Load Testing With K6

Adrian L Thomas, MEng

Who?

  • Software Engineer ~13 years professional experience
  • Had a few roles: SWE, Team Lead, Staff Engineer...
  • Most recently working at Contentful for 2.5 years, and DAZN for 4 years before that
  • Worked across a bunch of technologies (too many to list!)
  • Talk to me in the pub about: cars, running, pizza, or any of the above..

Disclaimer: I am not representing any company. This talk is based on my own personal experiences and all views are my own only.

What You Will Learn

  • What load testing is
  • Why load test
  • K6: What it is, what you can do with it, getting up and running...
    • Free, and open source load testing tool (by Grafana Labs)
  • Some anecdotes & gotchas

Time for questions at the end - or grab me in the pub after

You Won't Learn

  • K6 Browser
  • Grafana Cloud
  • Distributed tests
  • Synthetic monitoring
  • gRPC
  • ( but hopefully that gives you a taste of the feature-set! )

Who Is This Talk For?

Mainly focused towards engineers and engineering leaders.

I'll be talking about code and implementation details.

What Is a Load Test?

  • It's literally a test that puts network load on your system
  • Like any other test (e.g. a unit test), you define your expectations and assert whether the result is acceptable
  • There's a few different types of load test...

Types of Load Tests


Source: https://grafana.com/docs/k6/latest/testing-guides/test-types/

Why Load Test?

  • Perhaps about to launch a new service
  • Or expecting a significant jump in traffic for an event
  • Maybe you're expecting a slow and gentle increase...
  • Or you just want to ensure no performance regressions are introduced

Load Testing Use Cases

  • Whatever the reason, it helps you understand:
    • How far your current implementation will take you
    • Where the system bends
    • What your scaling challenges may be

Anecdote: Only just getting started (CPU Throttling)

K6 - Execution Engine

  • K6 itself is written in Go
  • Test scripts in Javascript
  • Uses Sobek (an engine to execute JS in Go)
  • i.e. simulating 10 users testing your website === 10 instances of Sobek running your JS script at a time

https://grafana.com/docs/k6/latest/reference/glossary/#sobek

Quickstart: What Does a Simple Test Script Look Like?

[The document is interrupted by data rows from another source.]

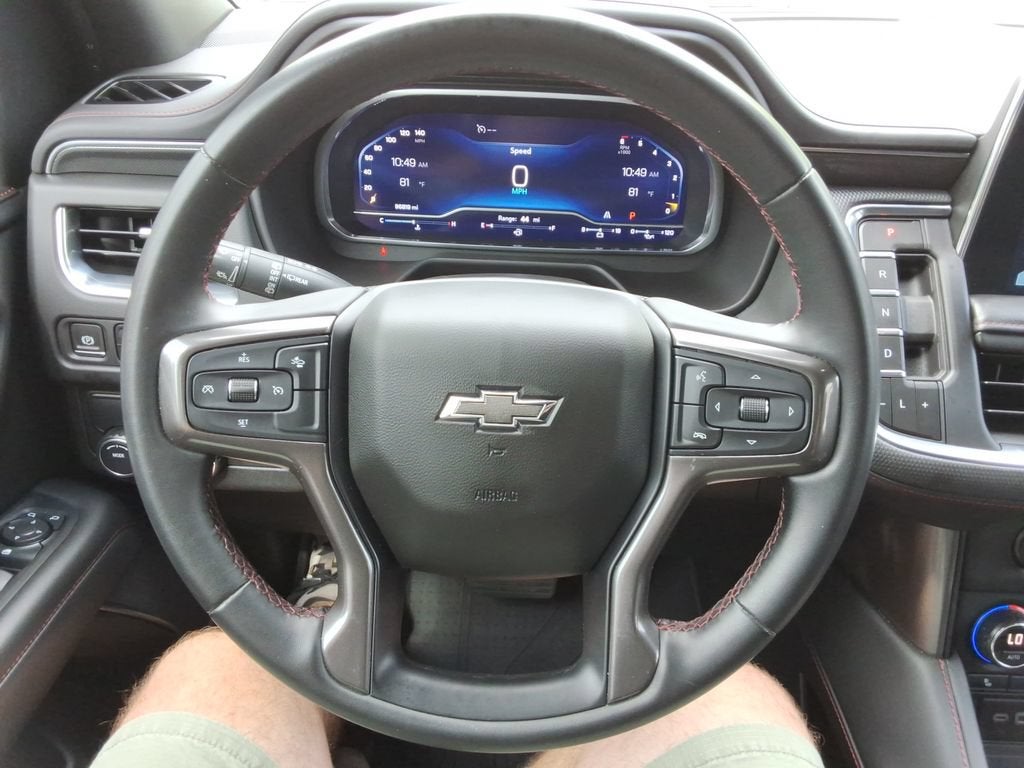 2023 Chevrolet Tahoe RST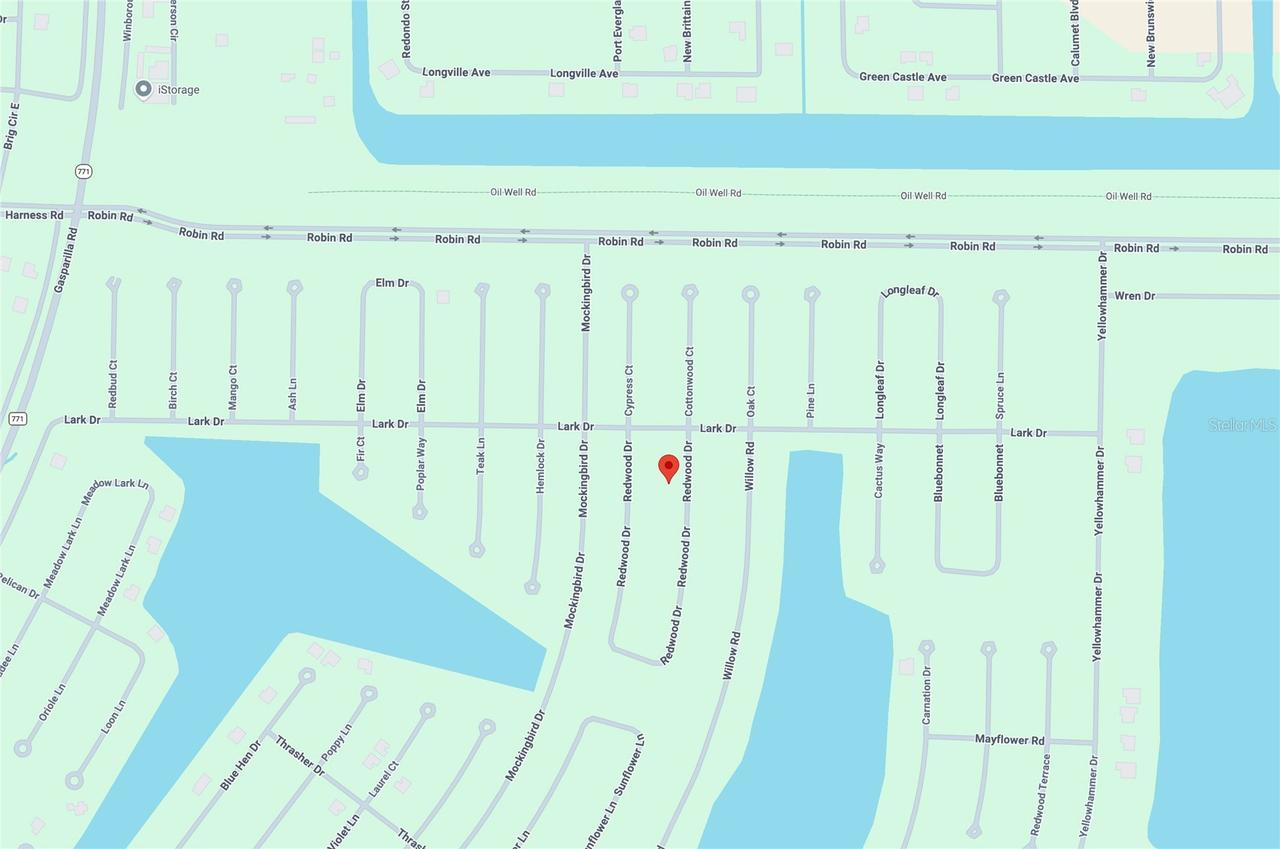 54 Redwood Dr., Placida, FL 33946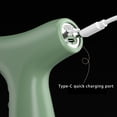 thumbnail image 3 of Pompotops Bouteille Vaporisateur d'Huile Électrique Friteuse à Air Chaud Domestique Vaporisateur d'Huile d'Olive Vaporisateur Réduction de Graisse Arrosoir Arrosoir Liquidation, 3 of 7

import http from 'k6/http';
import { sleep } from 'k6';

export const options = {
  iterations: 10,
};

export default function () {
  http.get('https://quickpizza.grafana.com');

  sleep(1);
}

Source: https://grafana.com/docs/k6/latest/get-started/write-your-first-test/

Quickstart: Installing

brew install k6 # macos
choco install k6 # windows
snap install k6 # ubuntu

Quickstart: Running a Test

k6 run script.js

Quickstart: Test Output


         /\      Grafana   /‾‾/  
    /\  /  \     |\  __   /  /   
   /  \/    \    | |/ /  /   ‾‾\ 
  /          \   |   (  |  (‾)  |
 / __________ \  |_|\_\  \_____/ 

     execution: local
        script: scripts/simple-example.js
        output: -

     scenarios: (100.00%) 1 scenario, 1 max VUs, 10m30s max duration (incl. graceful stop):
              * default: 10 iterations shared among 1 VUs (maxDuration: 10m0s, gracefulStop: 30s)


  █ TOTAL RESULTS 

    HTTP
    http_req_duration.......................................................: avg=106.66ms min=100.36ms med=107.64ms max=114.69ms p(90)=111.55ms p(95)=113.12ms
      { expected_response:true }............................................: avg=106.66ms min=100.36ms med=107.64ms max=114.69ms p(90)=111.55ms p(95)=113.12ms
    http_req_failed.........................................................: 0.00%  0 out of 10
    http_reqs...............................................................: 10     0.878629/s

    EXECUTION
    iteration_duration......................................................: avg=1.13s    min=1.1s     med=1.1s     max=1.37s    p(90)=1.16s    p(95)=1.26s   
    iterations..............................................................: 10     0.878629/s
    vus.....................................................................: 1      min=1       max=1
    vus_max.................................................................: 1      min=1       max=1

    NETWORK
    data_received...........................................................: 32 kB  2.8 kB/s
    data_sent...............................................................: 1.0 kB 92 B/s




running (00m11.4s), 0/1 VUs, 10 complete and 0 interrupted iterations

Core Concepts - Virtual Users (VUs)

  • VUs just represent a user hitting your endpoint
  • If you have 10 VUs then you have 10 users running the script at once
  • Or, 10 instances of your test script running at once

Core Concepts - Virtual Users (VUs)

import http from 'k6/http';
import { sleep } from 'k6';

export const options = {
  vus: 10,
};

export default function () {
  http.get('https://quickpizza.grafana.com');

  sleep(1);
}

Core Concepts - Checks & Thresholds

Checks

  • Boolean condition, e.g. status should be 200 or body should include a string
  • Just a metric to report
import { check } from 'k6';
import http from 'k6/http';

export default function () {
  const res = http.get('http://test.k6.io/');
  check(res, {
    'is status 200': (r) => r.status === 200,
    'verify homepage text': (r) => r.body.includes('Collection of simple web-pages suitable for load testing'),
  });
}

A failing check does NOT equate to a failing test.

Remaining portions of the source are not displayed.